17.yy
itibariyle büyüyerek Osmanlı’nın en büyük ticaret merkezlerinden biri haline
gelen Kemeraltı Çarşısı, bugün hala İzmir denince akla gelen ilk yerlerden bir
tanesi. İlk yapıldığı yıllarda üzeri tonoz ve kiremit örtülü bir kapalı çarşı
görünümünde olan Kemeraltı, yıllar geçtikçe modern binaların yapılmasına rağmen
tarihi dokusunu muhafaza etmeye devam ediyor. Hanlarıyla, çalgıcılarıyla,
meşhur mesir macuncularıyla ve daha nicleriyle herkesin uğrak noktası olarak
karşımıza çıkıyor Kemeraltı Çarşısı.
İzmir
denince akla gelen ilk yerlerin başında gelir Kemeraltı Çarşısı. Herkesin ortak
noktası olan bu yerde kimisi alışveriş yapar, kimisi de sadece o tarihi havayı
almaya gelir Kemeraltı’na. İlk yıllarında üzeri tonoz ve kiremit örtülü olan Kemeraltı,
zamanla modern yapıların hayatımıza girmesine rağmen tarihi özelliğini koruyan
bir yer.

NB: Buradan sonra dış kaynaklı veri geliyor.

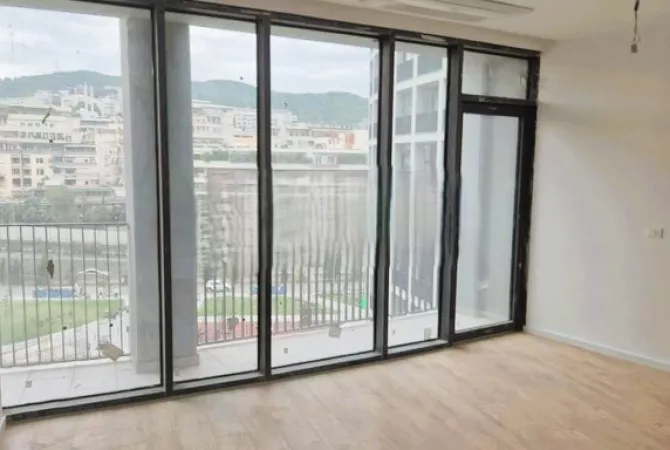 Ambient biznesi me qera 3+1 ne Tirane - 1,900 Euro
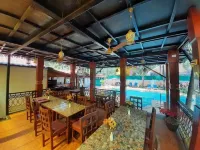 Resort Palmeiras Dourado Hotel a Consua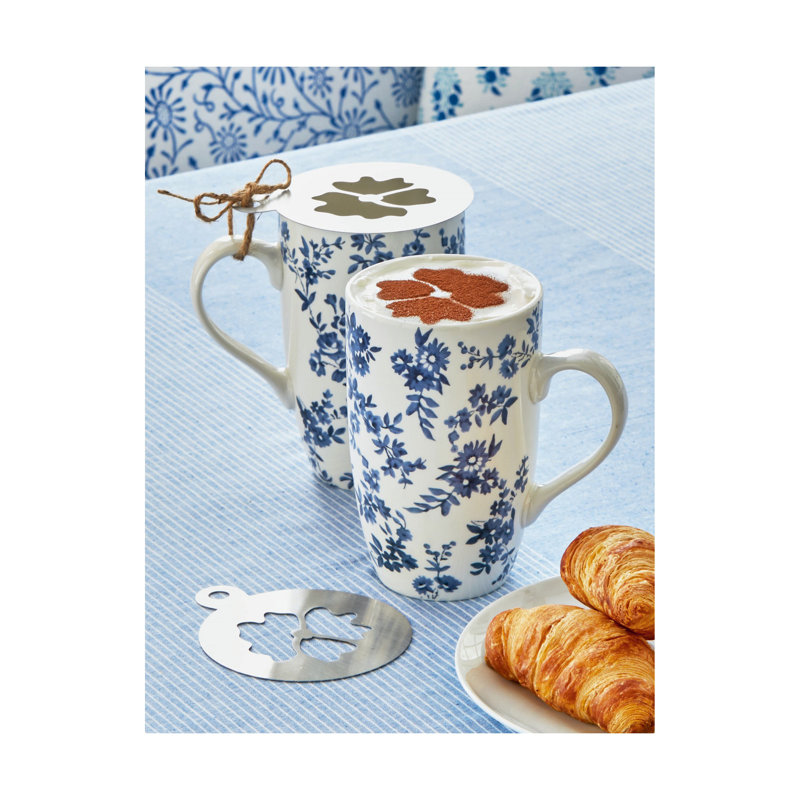 Tasse à café et pochoir à fleurs bleues Yessenia Cottage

Hanlar ve bedestenleri ile meşhur olan bu 7000 bin yıllık yerin bir
başka güzelliği de tabii ki çarşı içinde geçimini sağlayan insanlar. Neşesi bir
an olsun eksilmeyen çalgıcılar, İzmir’in meşhur mesir macuncuları, hüzün ve
mutluluğun adresi çiçekçiler ve daha nicesi. Bunların yanı sıra Türk el
sanatları örnekleri yansıtan seramiklere, çini panolara, dokuma yaygıları ve
halıların satıldığı yerlere ev sahipliği yapıyor tarihi Kemeraltı Çarşısı.
Müzik benim hayatım
Müziğe
yıllarını vermiş olan Ali Bey, Kemeraltı’nın ruhunu oluşturan kişilerden bir
tanesi. Tam 30 senedir sokak çalgıcılığı yaptığını ve Kemeraltı’nın kendisine
ev olduğunu ifade eden Ali Bey: “Kemanı çocukluğumda çalmaya başladım.
Genlerimden mi bilmiyorum ama elim çok çabuk alıştı ve bir daha bırakmadım. 30
senedir çalıyorum. Kemeraltı’ndan geçen her insan muhakkak beni tanır.” dedi.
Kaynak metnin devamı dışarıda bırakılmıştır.